In this edition, the spotlight is on Mosi Dorbayani, a noted executive adviser, and an award-winning author and songwriter, based in Vancouver, British Columbia. Forbes addresses him as “The Father of The Coadunate Economic Model”, NBC Network calls him “A Truly Renaissance Man”, and MTV calls him “An Extraordinary Cultural Influencer”.
Welcome to Spotlight Magazine.
MD: It’s a pleasure to be here.
As a cultural magazine, covering many aspects of social policy and arts in Canada and beyond, we believe our readers are interested to learn more about your views on ‘Cultural Diplomacy’. Therefore, without further ado…
How culture can reshape the global policy?
MD: The soft power of culture has the potential to reshape global diplomacy. We all experienced it repeatedly that there is no military solution – dialogue and diplomacy are the only guarantee of long-lasting peace.
To maintain peace, order and stability, while strength and military may be kept reserved, tact and diplomacy would in fact best serve the objectives of world-order. Cultural diplomacy and implementation of its soft penetrating power can create trust between people and amongst nations, provide a positive common ground for cooperation despite of political differences, and can create a platform for individuals and groups to interact so that they pave new opportunities to resume diplomatic relations, where and when they have been constrained or cut.
Speaking of constrained relations, how cultural diplomacy can effectively help managing crisis?
MD: Wise policymakers, smart political leaders, world-class educators, and philosophers all have long realized the power that entails from having a debate or forging dialogue. Creative industry in any given culture has that unique power to softly engage people. One may use the language of music, the other, the power of silver screen; one may engage audience on stage, while the other trigger them through words of a song. Regardless of instrument, the purpose is the same – to server the betterment of humanity, especially during the crisis. Cultural diplomacy, when properly learned and applied, not only has the novel capacity to impact ‘the world public sentiment’, but also the ‘belief system of people, their networks, and their countries’. Ultimately, the main objective of cultural diplomacy is to advance mutual understanding. And through that, we can facilitate tolerance, and as the result reduce tensions to manage crisis.
Do you think governments around the world should back cultural diplomacy?
MD: Well, having governments to back cultural diplomacy is not free from risk. Governments may get tempted to manipulate cultural products and use them for propaganda. The examples can be seen by countries such as United States, France, and China. While we cannot ignore the critical role of governments in supporting arts and culture, the actual practice of cultural diplomacy is better left to those creators of arts. Eventually it is not the politicians or political diplomats in the office who are creating the medium for cultural diplomacy or cultural exchange, but the artists, writers, performers and their entire industry. Those voices, creative minds, contributors and performers are in fact the true savior and real cultural diplomats.

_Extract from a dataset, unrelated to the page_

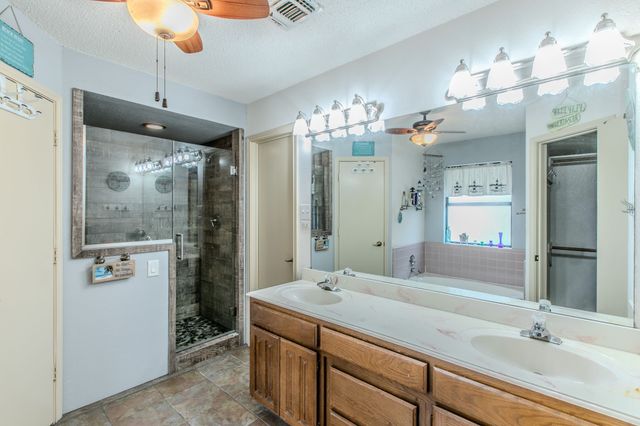 127 Mcalister Road, Burleson, TX 76028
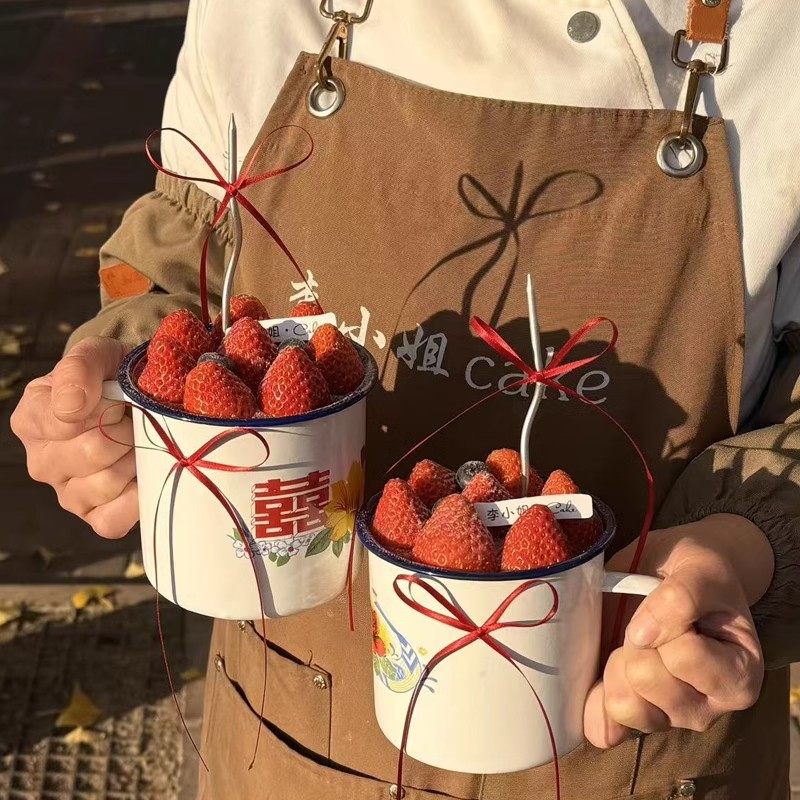 秋冬季简约圣诞节复古工艺奶油草莓搪瓷杯蛋糕装饰团建聚会小甜品,淘宝优惠券,粉丝福利购,淘宝优惠卷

Are we looking at culture differently from our neighbor country, United States?
MD: America sees culture as a set of products to export, whereas here in Canada we mostly see it as part of our identity and a source of pride. Moreover, we usually use culture and creative industry to build up community partnership. According to the latest statistics by Canadian Association for the Performing Arts (CAPACOA, 2017), Canadian creative industry plays a pivotal role across our communities. For example, 86% of our creative entities already work in partnership with other arts organizations, 84% work with a wide variety of community organizations, 78 % are collaborating with schools or educational institutions across the country, 67% are partnering with government, and 64% are working with the private sector. So, I can confidently say our culture is ‘collaborative’ and ‘community oriented’.
In your recent publications, including your award-wining book, ‘Cultural Diplomacy: No Bullet, No Blood’, you emphasized on the role of cultural diplomacy in upholding democracy. Would you elaborate on that?
MD: In my view, culture has a diplomatic role in global governance, and to that respect cultural diplomacy is increasingly playing an important role in promoting liberal and democratic values. It fosters dialogue and democratic participation. It facilitates human development, expansion of education, human rights, freedom of thought and expression. It also assists recognition and understanding of value-oriented causes and missions.
In your opinion, how the concept of cultural diplomacy itself should be promoted?
MD: Strategically through formal education, research, and raising public awareness. ‘Study’ and ‘Practice’ are the key factors to excel at any given subject. While there are a few institutions offering formal education in cultural diplomacy, I see their curriculum is dominated by subjects more related to International Relations – influenced by traditional political theories.
But recently, University of Salford – School of Arts, Media and Creative Technology based in Manchester, UK, similarly took interest in my practice-based research and publications in the field, and it seems to me that Salford is open to play a leading role on promoting cultural diplomacy as an advanced study for social impact. The University of Salford is a public university – an establishment rooted in 1850. Personally, I found its Doctoral School a vibrant and diverse research community, and its researcher developers such as Prof. Dr. Alan Williams an outstanding scholar, who is committed to facilitate success in ‘collaborative’ projects.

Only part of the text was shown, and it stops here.